# Newer Cape Horn owners.....



## BlaineAtk (Jun 8, 2010)

Wirelessly posted

Is there any way one of you who own one of the newer models could tell me the height of you letters (chrome Cape Horn letters) I am wanting to get some for my older Cape Horn and the factory says they can't sell them to me for some reason so I am just going to order some online but need to know what size they are. I was assuming about 2-3/4" 3"?

Any help will be appreciated.


----------



## fisheye48 (Sep 28, 2007)

why not make them whatever size you want?


----------



## BlaineAtk (Jun 8, 2010)

Wirelessly posted

I was wanting to go with what they came with from the factory, I have a 1997 21' Cape Horn and I just repainted it black. I didn't want to order something that would be too small or large and look odd. 

If I wait until I get home to order them, I won't get them until after I leave again. I work a month offshore then about two weeks home.


----------



## H2OMARK (Oct 2, 2007)

You can have an authorized Cape Horn order them for you if you want an original set of decals.


----------



## BlaineAtk (Jun 8, 2010)

Wirelessly posted

Ahh didn't know that. Thanks so sunset or sunrise marine on 98 in Navarre could do it?


----------



## Mike W (Jul 11, 2011)

H2OMARK said:


> You can have an authorized Cape Horn order them for you if you want an original set of decals.





BlaineAtk said:


> Wirelessly posted
> 
> Ahh didn't know that. Thanks so sunset or sunrise marine on 98 in Navarre could do it?


They will only give you the letters that originally were placed on the boat in the year it was made. They will not provide letters from newer models years to be placed on older hulls. It's been discussed on THT and here several times...something to do with not wanting to allow people to portray their boat as being newer than it is. 

Seems odd to me, if the guy wants new 2013 stickers let him have them even if he owns a 2000 Cape Horn. He brought you the business in the first place and the HIN ultimately tells everything you need to know in regards to build info.

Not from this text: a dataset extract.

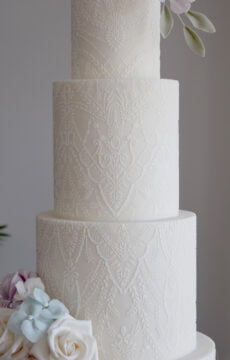 Lace cake stencil wedding cake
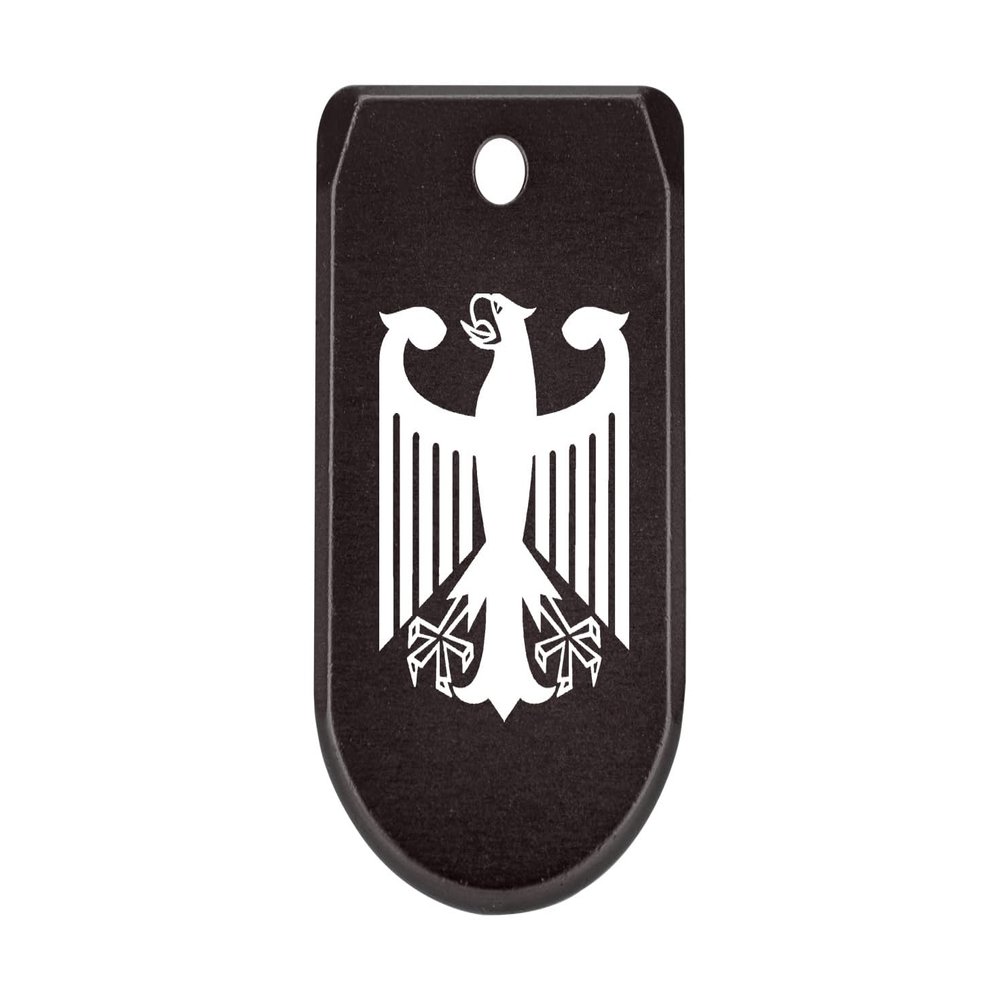 NDZ Performance Magazine Base Plate with Finger Extension for Sig P365 .380 ACP  German Coat of Arms Federal Eagle  Black  Anodized Aluminum  Made in USA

Just my opinion. You'll probably save money though getting them made elsewhere


----------



## BlaineAtk (Jun 8, 2010)

Wirelessly posted

Is there somewhere local that can do it?


----------



## CreekLifeFL (Jun 22, 2013)

I dont know if local people woild.print them or not because of copyright stuff but I saw a website called vinylapproach.com and they seem to have every boat decal known to man new and old. I have never dealt with them so I dont know if theyare any good or the prices. You can try ebay its probably cheaper if you want the real plain lower case cape horn logo thats straight letters just gotta find someone who has that chrome color available and knows/has that specific font. Might be better paying a little more from a company that specializes in it so u get an original decal. Goodluck.


----------



## BlaineAtk (Jun 8, 2010)

Wirelessly posted

Yeah, I can get letters online just not sure what size I need.


----------



## CreekLifeFL (Jun 22, 2013)

I would guess 3 inches and I wouldnt go smaller than that on a boat your size if you r talking about style in the following pic , but rather have one thats a tad bigger than end up with one thats too small. Maybe get some printer paper and marker or if u have a program u can print from then print it out 3" letters and tape it on boat and stand back and see if that size looks right.

​


----------